To Kill a Mockingbird Author Passes Away at 89
Harper Lee – who penned one of the world’s favourite and most studied novels, ‘To Kill a Mockingbird’ – has passed away, in her sleep, at the age of 89. ‘To Kill a Mockingbird’ was published in 1960 but its story of race and justice has stood the test of time, and it’s still popular […]
Harper Lee – who penned one of the world’s favourite and most studied novels, ‘To Kill a Mockingbird’ – has passed away, in her sleep, at the age of 89.
‘To Kill a Mockingbird’ was published in 1960 but its story of race and justice has stood the test of time, and it’s still popular in South Africa and around the world today. The international bestseller was awarded the Pulitzer Prize in 1961, and was adapted to screen in 1962.
Lee, who was childhood friends with Truman Capote, got her break in life when a pair of his wealthy New York friends recognised her talent, and gave her a Christmas gift of an all expenses paid year so that she could dedicate her time to writing a book.

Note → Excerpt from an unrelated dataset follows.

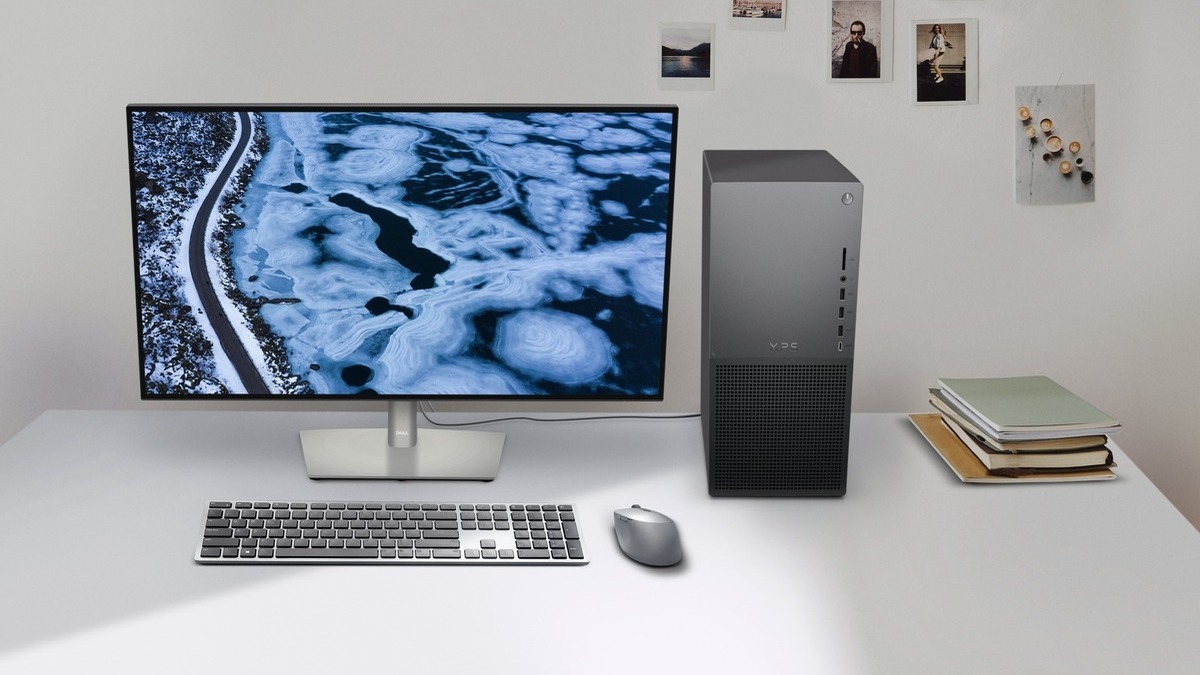 Dell XPS Desktop 2023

The manuscript she first wrote was ‘Go Set a Watchman’, which was published last year as a sequel to ‘Mockingbird’… but which in fact she had written first. Her publisher at the time read the first manuscript and said they were more interested in the book’s flashbacks to the main female character’s childhood… and so Lee wrote ‘How to Kill a Mockingbird’, which has become an American classic and a book close to many people’s hearts.
In ‘Scout, Atticus & Boo’, a book about the novel, America’s billionaire talk show host Oprah Winfrey revealed that when she opened her school in South Africa so many people asked what they could give the girls.
“I asked everybody to bring their favourite book, and I would say we probably have 100 copies of ‘To Kill A Mockingbird’. Everyone wrote their own message to the girls about why they believed this book was important, and everybody said something different.”
Lee was such a reluctant celebrity that even though Winfrey and her enjoyed a wonderful lunch together, she refused to be interviewed.
Winfrey said “we were like instant girlfriends. It was just wonderful, and I loved being with her”… but she realised there was no point in pushing her to do an interview after Lee told her: “I already said everything I needed to say. Already we have those buses coming down to my house, and they pull up to the door still looking for Boo Radley, and I just don’t want that to happen any more than it already does…”
Lee was 34 when ‘Mockingbird’ was published, and it remained her only novel until last year’s controversial publication of ‘Go Set a Watchman’.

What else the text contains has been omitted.